Aquí me siento tan libre, tan feliz y tan valiente como Pablo. Aunque los dos tengamos miedo del mar de olas y de dudas que tenemos enfrente.

Al final Pablo se ha rendido. Pero solo por hoy. Está lavando su tabla azul en las duchas de la playa para no ensuciar el coche a la vuelta. Y se ha ido.

Se ha ido pero sabiendo que volverá, con esa confianza ciega en que el mar siempre estará ahí, para él, con él. Y algún día Pablo se atreverá a lanzarse a surfear a pesar de las corrientes, del agua helada, de lo desconocido. Pablo encajaba de forma tan perfecta en esta postal que creo que este es su lugar.
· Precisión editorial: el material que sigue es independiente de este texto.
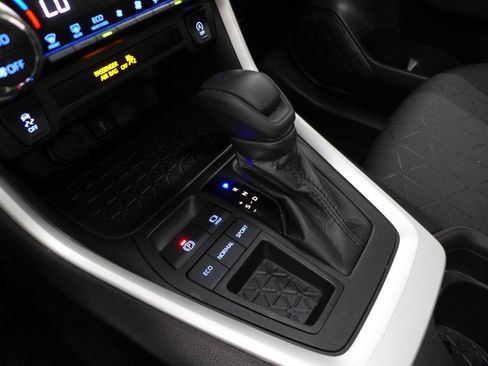 Used 2021 Toyota RAV4 XLE w/ Convenience Package FWD image 32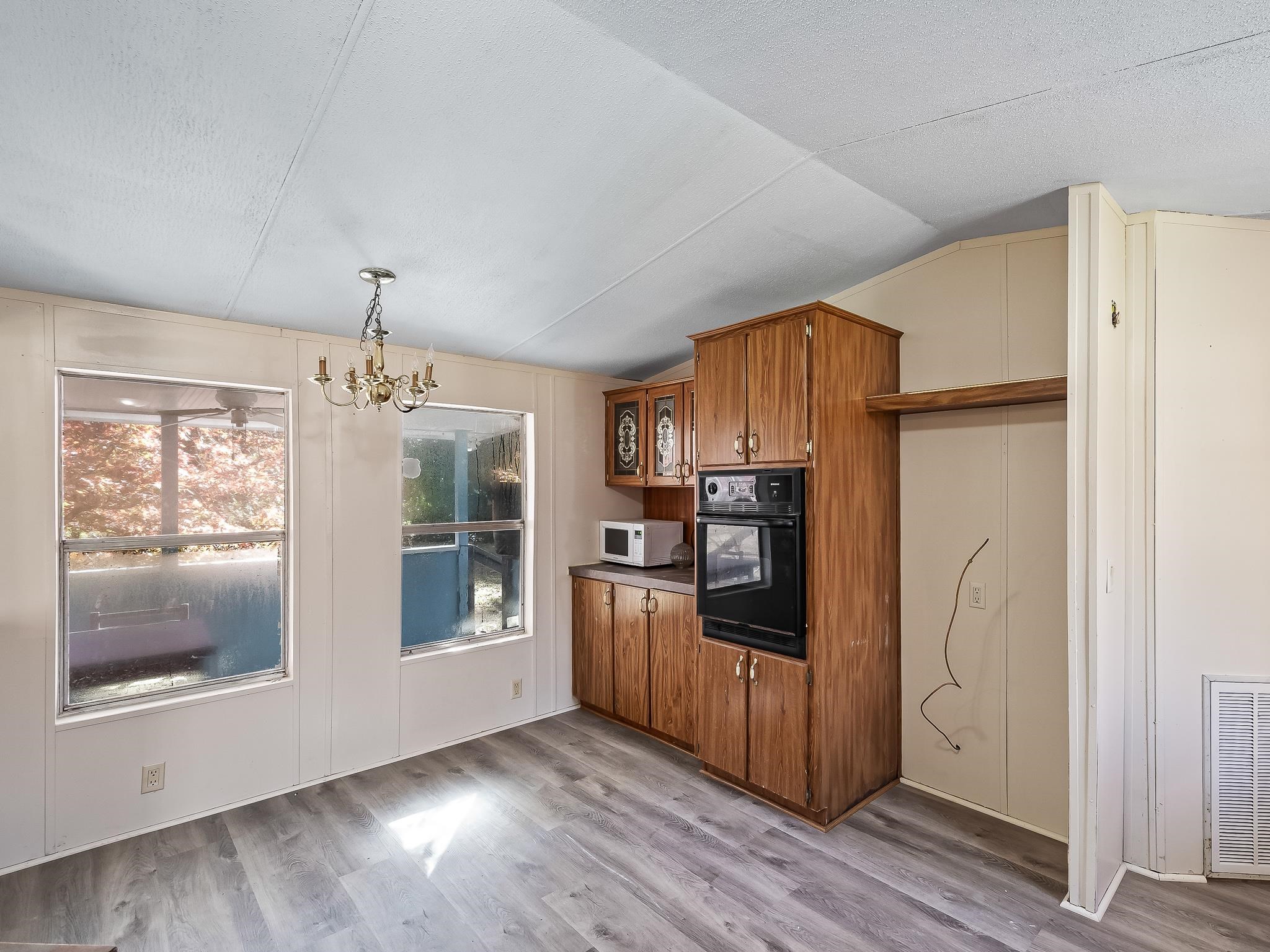5070 Box Wood Lane,TALLAHASSEE,Florida 32303,2 Bedrooms Bedrooms,3 BathroomsBathrooms,Manuf/mobile home,5070 Box Wood Lane,366413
Yo en cambio aún no sé muy bien qué hago aquí ni qué me ha traído a esta playa perdida un Jueves Santo. Quizá solo necesitaba ver a Pablo para entender que solo es cuestión de tiempo, y que tarde o temprano yo también voy a ser capaz de subirme a una tabla y lanzarme a surfear. A pesar de que hoy tenga que rendirme, de que hoy no me vea con fuerzas para hacerlo, aunque tenga que lavar mil veces la tabla para no ver esa arena que me recuerda cada una de las veces que no fui capaz de lanzarme.

Hasta que sea capaz de reconocer que antes de lograrlo, porque lo lograré, fracasé muchas veces.